1898. Maximum Number of Removable Characters - Explanation

1. Brute Force

class Solution:
    def maximumRemovals(self, s: str, p: str, removable: List[int]) -> int:
        n, m = len(s), len(p)
        marked = set()
        res = 0

        for removeIdx in removable:
            marked.add(removeIdx)

            sIdx = pIdx = 0
            while pIdx < m and sIdx < n:
                if sIdx not in marked and s[sIdx] == p[pIdx]:
                    pIdx += 1
                sIdx += 1
            if pIdx != m:
                break
            res += 1

        return res

Time & Space Complexity

Time complexity: $O(k * (n + m))$
Space complexity: $O(k)$

Where $n$ and $m$ are the lengths of the given strings $s$ and $p$ respectively. $k$ is the size of the array $removable$ .
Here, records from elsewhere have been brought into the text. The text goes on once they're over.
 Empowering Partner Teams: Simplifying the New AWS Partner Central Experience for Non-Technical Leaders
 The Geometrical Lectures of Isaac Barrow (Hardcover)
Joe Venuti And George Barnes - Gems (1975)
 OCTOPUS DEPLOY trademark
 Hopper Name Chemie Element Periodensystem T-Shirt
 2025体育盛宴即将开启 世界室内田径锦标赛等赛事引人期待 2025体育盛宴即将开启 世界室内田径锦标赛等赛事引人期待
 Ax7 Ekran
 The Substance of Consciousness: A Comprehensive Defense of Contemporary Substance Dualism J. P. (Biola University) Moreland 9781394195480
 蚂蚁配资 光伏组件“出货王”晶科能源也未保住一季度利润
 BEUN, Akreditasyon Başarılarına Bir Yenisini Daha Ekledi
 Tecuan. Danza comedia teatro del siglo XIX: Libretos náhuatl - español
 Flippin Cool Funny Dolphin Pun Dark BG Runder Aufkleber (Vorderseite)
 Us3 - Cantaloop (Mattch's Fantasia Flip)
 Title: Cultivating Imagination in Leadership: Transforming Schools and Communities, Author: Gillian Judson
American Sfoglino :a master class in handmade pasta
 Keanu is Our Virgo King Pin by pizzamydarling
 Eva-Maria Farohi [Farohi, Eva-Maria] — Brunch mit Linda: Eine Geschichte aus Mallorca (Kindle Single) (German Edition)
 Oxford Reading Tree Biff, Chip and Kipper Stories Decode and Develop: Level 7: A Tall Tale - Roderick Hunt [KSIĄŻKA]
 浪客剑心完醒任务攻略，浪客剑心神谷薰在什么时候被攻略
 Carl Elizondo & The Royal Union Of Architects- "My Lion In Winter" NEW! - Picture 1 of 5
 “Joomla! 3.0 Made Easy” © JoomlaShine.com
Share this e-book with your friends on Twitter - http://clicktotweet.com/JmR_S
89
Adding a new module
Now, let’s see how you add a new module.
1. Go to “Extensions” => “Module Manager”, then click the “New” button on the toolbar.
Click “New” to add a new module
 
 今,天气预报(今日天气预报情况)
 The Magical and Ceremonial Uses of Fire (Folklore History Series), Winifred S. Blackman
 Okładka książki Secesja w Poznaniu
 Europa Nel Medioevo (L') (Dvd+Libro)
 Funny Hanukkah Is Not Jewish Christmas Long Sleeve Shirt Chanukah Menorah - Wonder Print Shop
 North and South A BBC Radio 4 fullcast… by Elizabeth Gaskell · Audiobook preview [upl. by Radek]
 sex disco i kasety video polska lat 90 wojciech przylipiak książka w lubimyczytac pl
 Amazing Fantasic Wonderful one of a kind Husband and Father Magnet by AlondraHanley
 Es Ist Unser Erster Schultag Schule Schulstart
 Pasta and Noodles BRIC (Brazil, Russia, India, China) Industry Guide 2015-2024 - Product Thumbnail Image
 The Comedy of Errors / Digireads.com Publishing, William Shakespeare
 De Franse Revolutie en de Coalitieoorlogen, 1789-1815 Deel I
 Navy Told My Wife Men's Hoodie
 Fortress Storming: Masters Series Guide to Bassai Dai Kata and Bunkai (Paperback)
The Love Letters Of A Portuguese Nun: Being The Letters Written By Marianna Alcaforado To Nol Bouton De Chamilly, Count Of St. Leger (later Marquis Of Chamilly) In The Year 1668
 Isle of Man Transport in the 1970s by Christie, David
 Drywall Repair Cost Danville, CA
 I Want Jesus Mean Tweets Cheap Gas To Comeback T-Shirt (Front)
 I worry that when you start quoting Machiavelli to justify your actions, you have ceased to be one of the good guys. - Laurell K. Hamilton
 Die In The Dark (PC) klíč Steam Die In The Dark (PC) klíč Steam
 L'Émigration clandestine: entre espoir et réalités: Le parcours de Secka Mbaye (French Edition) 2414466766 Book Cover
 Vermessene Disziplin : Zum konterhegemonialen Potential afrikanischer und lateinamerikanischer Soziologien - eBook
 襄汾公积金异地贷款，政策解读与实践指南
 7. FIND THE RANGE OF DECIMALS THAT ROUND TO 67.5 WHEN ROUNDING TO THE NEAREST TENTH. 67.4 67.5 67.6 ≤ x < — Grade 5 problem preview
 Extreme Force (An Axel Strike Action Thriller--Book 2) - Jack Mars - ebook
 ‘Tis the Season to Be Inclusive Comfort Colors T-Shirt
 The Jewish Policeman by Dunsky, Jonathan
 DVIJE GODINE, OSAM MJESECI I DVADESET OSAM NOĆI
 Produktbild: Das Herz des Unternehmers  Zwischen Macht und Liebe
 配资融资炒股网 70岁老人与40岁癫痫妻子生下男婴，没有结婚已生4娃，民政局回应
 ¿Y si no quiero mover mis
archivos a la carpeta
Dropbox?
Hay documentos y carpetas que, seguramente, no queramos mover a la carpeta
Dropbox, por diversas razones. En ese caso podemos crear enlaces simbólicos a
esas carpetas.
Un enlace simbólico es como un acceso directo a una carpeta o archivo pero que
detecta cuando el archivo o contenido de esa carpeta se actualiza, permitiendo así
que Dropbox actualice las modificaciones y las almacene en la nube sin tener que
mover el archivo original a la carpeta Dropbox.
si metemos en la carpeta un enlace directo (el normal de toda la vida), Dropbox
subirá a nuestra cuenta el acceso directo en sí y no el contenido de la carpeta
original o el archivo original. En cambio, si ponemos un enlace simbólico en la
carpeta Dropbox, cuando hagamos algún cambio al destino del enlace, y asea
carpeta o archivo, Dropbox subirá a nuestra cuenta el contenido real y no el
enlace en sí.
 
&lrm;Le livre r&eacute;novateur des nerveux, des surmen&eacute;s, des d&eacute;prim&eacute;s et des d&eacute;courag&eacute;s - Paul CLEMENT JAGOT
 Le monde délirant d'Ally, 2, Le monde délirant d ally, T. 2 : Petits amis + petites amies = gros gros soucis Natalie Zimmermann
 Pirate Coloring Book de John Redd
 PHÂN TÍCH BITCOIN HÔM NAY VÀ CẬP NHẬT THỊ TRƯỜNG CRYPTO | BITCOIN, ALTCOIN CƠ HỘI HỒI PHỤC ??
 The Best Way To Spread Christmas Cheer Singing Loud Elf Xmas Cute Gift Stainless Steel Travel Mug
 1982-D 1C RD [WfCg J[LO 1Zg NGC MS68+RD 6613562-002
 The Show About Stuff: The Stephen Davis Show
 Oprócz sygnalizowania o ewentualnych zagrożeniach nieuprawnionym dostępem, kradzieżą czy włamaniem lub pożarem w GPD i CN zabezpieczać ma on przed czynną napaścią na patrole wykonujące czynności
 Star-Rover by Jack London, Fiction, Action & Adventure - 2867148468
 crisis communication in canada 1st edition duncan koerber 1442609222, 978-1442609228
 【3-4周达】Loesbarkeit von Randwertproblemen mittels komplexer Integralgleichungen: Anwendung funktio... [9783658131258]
2. Binary Search + Hash Set

class Solution:
    def maximumRemovals(self, s: str, p: str, removable: List[int]) -> int:
        def isSubseq(s, subseq, removed):
            i1 = i2 = 0
            while i1 < len(s) and i2 < len(subseq):
                if i1 in removed or s[i1] != subseq[i2]:
                    i1 += 1
                    continue
                i1 += 1
                i2 += 1
            return i2 == len(subseq)

        res = 0
        l, r = 0, len(removable) - 1
        while l <= r:
            m = (l + r) // 2
            removed = set(removable[:m + 1])
            if isSubseq(s, p, removed):
                res = max(res, m + 1)
                l = m + 1
            else:
                r = m - 1

        return res

Time & Space Complexity

Time complexity: $O((n + m) * \log k)$
Space complexity: $O(k)$

Where $n$ and $m$ are the lengths of the given strings $s$ and $p$ respectively. $k$ is the size of the array $removable$ .

3. Binary Search

class Solution:
    def maximumRemovals(self, s: str, p: str, removable: List[int]) -> int:
        l, r = 0, len(removable)
        n, m = len(s), len(p)

        def isSubseq(tmpS):
            i1 = i2 = 0
            while i1 < n and i2 < m:
                if tmpS[i1] == p[i2]:
                    i2 += 1
                i1 += 1
            return i2 == m

        while l < r:
            mid = l + (r - l) // 2
            tmpS = list(s)

            for i in range(mid + 1):
                tmpS[removable[i]] = '#'

            if isSubseq(tmpS):
                l = mid + 1
            else:
                r = mid

        return l

Time & Space Complexity

Time complexity: $O((n + m) * \log k)$
Space complexity: $O(n)$

Where $n$ and $m$ are the lengths of the given strings $s$ and $p$ respectively. $k$ is the size of the array $removable$ .